No aspecto simbólico, esse romance de estreia de Umberto Eco, lançado em 1980 e que logo tornou-se um best seller, difere da sua adaptação cinematográfica de 1986. Enquanto o texto explora a construção das personagens e o autor despeja erudição e conhecimento histórico em páginas e mais páginas de debates filosóficos e teológicos, o filme precisa se apressar e focar no mistério detetivesco. Às vezes se apressa até demais, encurtando a trama e o número de mortes, e precipitando conclusões que mereciam mais tempo para se desenvolver. Entretanto, com uma das melhores atuações de Sean Connery desde 007, o filme ainda consegue manter o clima sombrio e a intertextualidade dessa inteligente narrativa, trazendo a Igreja e o próprio prédio da biblioteca como personagens principais.
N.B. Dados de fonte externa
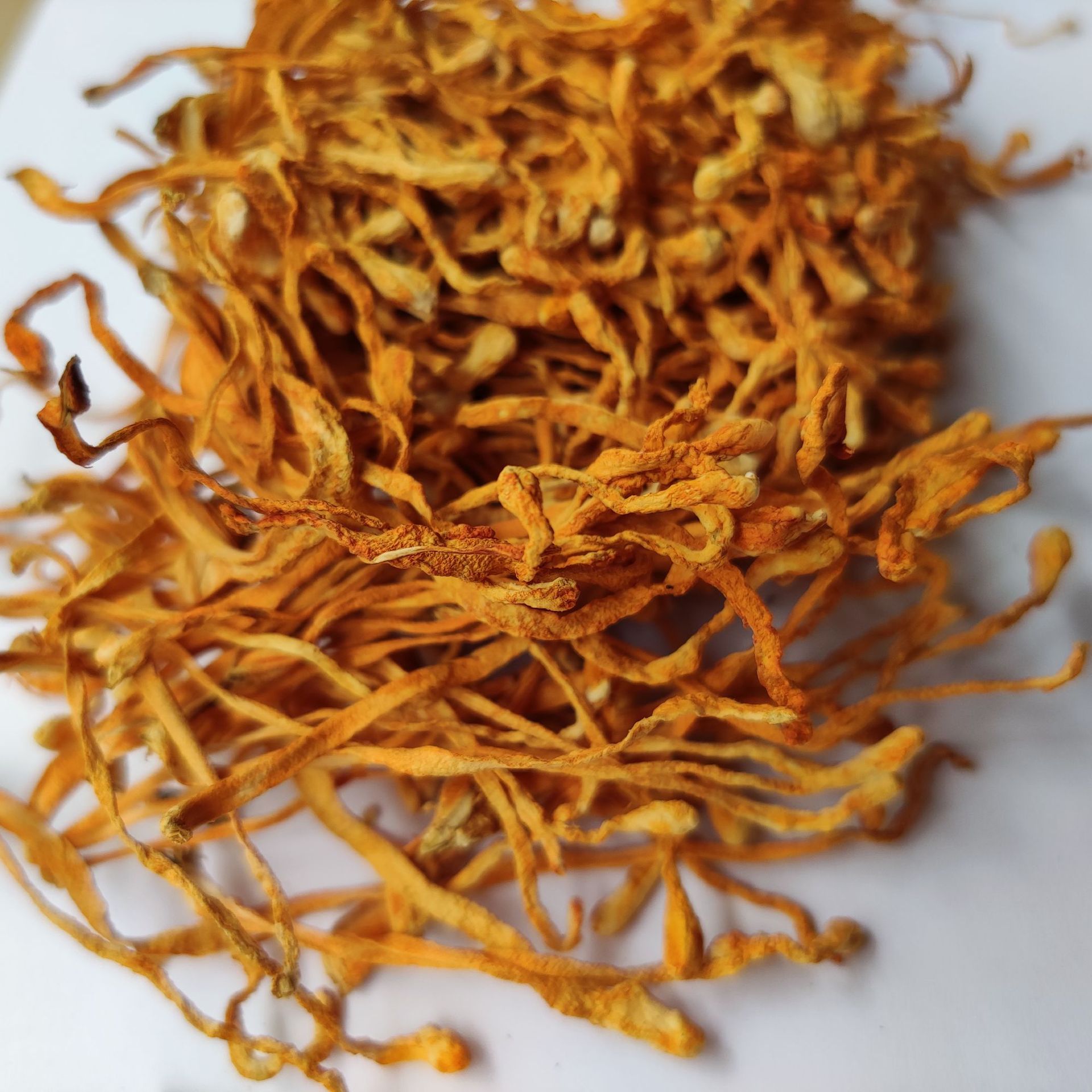 蛹虫草虫草花东北源头虫草花煲汤金虫草批发零售1公斤袋装批发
A obra está pontilhada de referências, algumas aparentemente óbvias e outras mais obscuras. O nome de Guilherme de Baskerville pode ser homenagem a "Os cães de Baskerville", de Arthur Conan Doyle, livro da primeira aparição do detetive Sherlock Holmes. E não falta quem veja semelhança entre os nomes dos assistentes Adso e Watson. Também não é impossível que Guilherme seja representação do importante filósofo medieval Guilherme de Ockham. E embora se trate de um romance histórico sem teor fantástico, "O nome da rosa" parece fazer uma ode a elementos do realismo mágico. Jorge de Burgos pode ser uma referência a Jorge Luís Borges, que também ficou cego na velhice, e que em seu conto "A biblioteca de Babel" apresenta elementos que se repetem no livro de Eco, como labirintos, sonhos e truques de espelhos.
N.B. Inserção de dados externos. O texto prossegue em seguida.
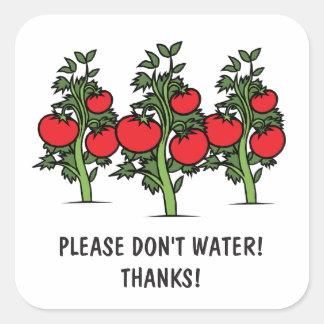 Alsjeblieft geen waterstickers - Tomatos Vierkante Sticker
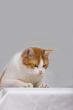 Curious cat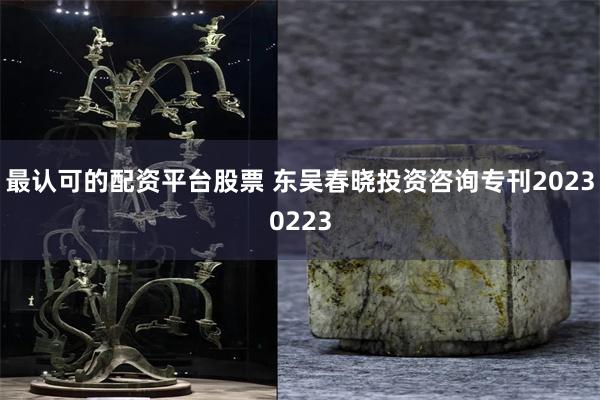 最认可的配资平台股票 东吴春晓投资咨询专刊20230223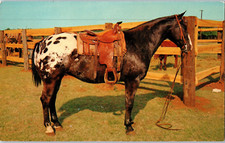 Cartolina Di Cavallo Appaloosa
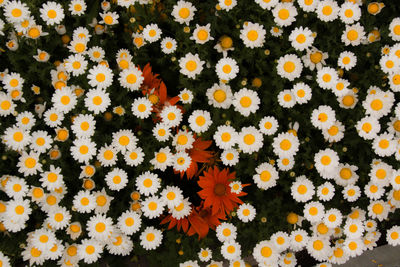 High angle view of flowering plants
Ainda é possível apontar influências niilistas, kantianas e especialmente iluministas, ao passo que a racionalidade de nosso detetive precisa se esforçar para tornar plausíveis as ideias de deus e da fé. Durante a investigação, Eco coloca em discussão o paradoxo entre velhos valores, fechados e místicos, e novas ideias, mais abertas e racionais.
E claro que não se pode deixar de mencionar que ele é um livro sobre livros. Em favor da ciência, do conhecimento, da liberdade do saber e do ensino, e contra a censura. "O bem de um livro está em ser lido. Um livro é feito de signos que falam de outros signos que, por sua vez, falam das coisas. Sem um olho que o leia, um livro traz signos que não produzem conceitos, portanto é mudo."
A despeito de todo o obscurantismo das passagens em latim, do contexto das disputas eclesiásticas, do debate filosófico difícil de compreender e do título misterioso, o vigor dessa narrativa alcançou um sucesso estrondoso. Afinal, o narrador Adso também passa a maior parte do tempo sem entender quase nada e agora, já velho, esforça-se para explicar tudo ao leitor.
Aparentemente, nenhum desses obstáculos é capaz de afugentar o público que ama uma boa estória de detetive. Um serial killer num mosteiro da idade média... quem pode resistir? O destino da biblioteca estava nos planos do autor desde o início da redação e o desfecho dos assassinatos, ainda que possa ser captado com antecedência pelos leitores mais sagazes, não deixa de ser surpreendente.